The name of Castelvetro, located among the hills south-east of Modena, is associated with that of Lambrusco Grasparossa, which is produced here. So what better time to visit than the fall when an annual festival dedicated to the fizzy red wine is held in the pretty historic center of the village (September).

But even as we get into the heart of the autumn season, Castelvetro maintains its appeal as driving its countryside roads will allow you to admire the red-colored vineyards.

Once surrounded by walls, the village itself has maintained some of its historic elements, including six medieval towers, three of which are even pictured on the village’s emblem. Piazza Roma is the heart of the village; here you can see the Clock Tower and the Prisons Tower.

The walnut liqueur nocino is another famous production of the area, and, this being Emilia-Romagna, you’re never too far from a Parmigiano Reggiano, prosciutto or balsamic vinegar producer.

Vitorchiano, Lazio

Vitorchiano is located at the foot of the Cimini mountains, in the verdant Vezza valley. It’s set within a hilly landscape, rich in oak woods, ash, beech, elm and chestnut trees, and pristine creeks. Imagine walking in the area in the autumn season with its beautiful colors and the chance to even spot animals.

Perched on a cliff, Vitorchiano is in the province of Viterbo in the central region of Lazio. During the Middles Ages, it was an important fortified village, disputed between Rome and Viterbo.

Vitorchiano has preserved well its medieval appearance, with its city walls (250 meters long), towers, access gates, houses overhanging the cliff, picturesque alleys and squares.

Typical local products include chestnuts, hazelnuts, mushrooms, olive oil, wine, sheep and cow cheeses, and sausages, many of which are ideal to be tasted in the fall.

Venosa, Basilicata

In the southern region of Basilicata, Venosa, located in the territory known as Vulture, is rated among Italy’s most beautiful villages.

The area has been inhabited since prehistoric times. The site of Notarchirico, located a few kilometers from town, is the oldest in Basilicata.

Venosta was founded by the Romans in the year 291 BC to control the valley of the Ofanto and the Appian Way. In the Archeological Park are the monumental remains of the thermal baths.

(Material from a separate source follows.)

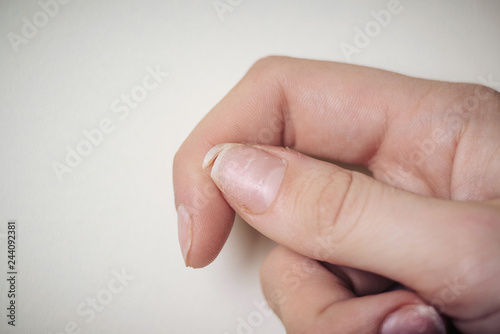 Close-up of brittle nails. A broken nail on your finger.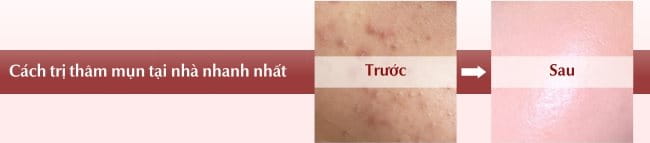 Cách trị thâm mụn hiệu quả nhanh nhất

There are numerous churches and religious buildings to visit, including the Complex of Santissima Trinità, ‘national monument’ since 1897, and an Aragonese castle built in 1470.

Venosa was the birthplace of Horace, the most important Roman lyric poet during the time of Augustus, author of the Odes and The Art of Poetry.

Castelsardo, Sardinia

During Roman times, Castelsardo was perhaps the mythical ‘Tibula’; in the Middle Ages, it had become an unassailable fortress, protected by massive walls and 17 towers.

The nucleus of Castelsardo revolved around the Doria castle in the Middle Ages, which is now the seat of the Museo dell’Intreccio Mediterraneo, one the most visited museums on the island, dedicated to the tradition of basket-making.

Located in north-western Sardinia, at the center of the Asinara Gulf, in an area of incredible beauty, Castelsardo is a delight to visit in the off-season, being Sardinia very crowded in summer.  

Its fortifications, including the bastions and steep stairs, remain intact. Among the sights not to miss are the Church of Santa Maria delle Grazie, the Benedictine monastery, the La Loggia palace, since the 12th century the seat of City Hall, and the Palazzo Eleonora d’Arborea.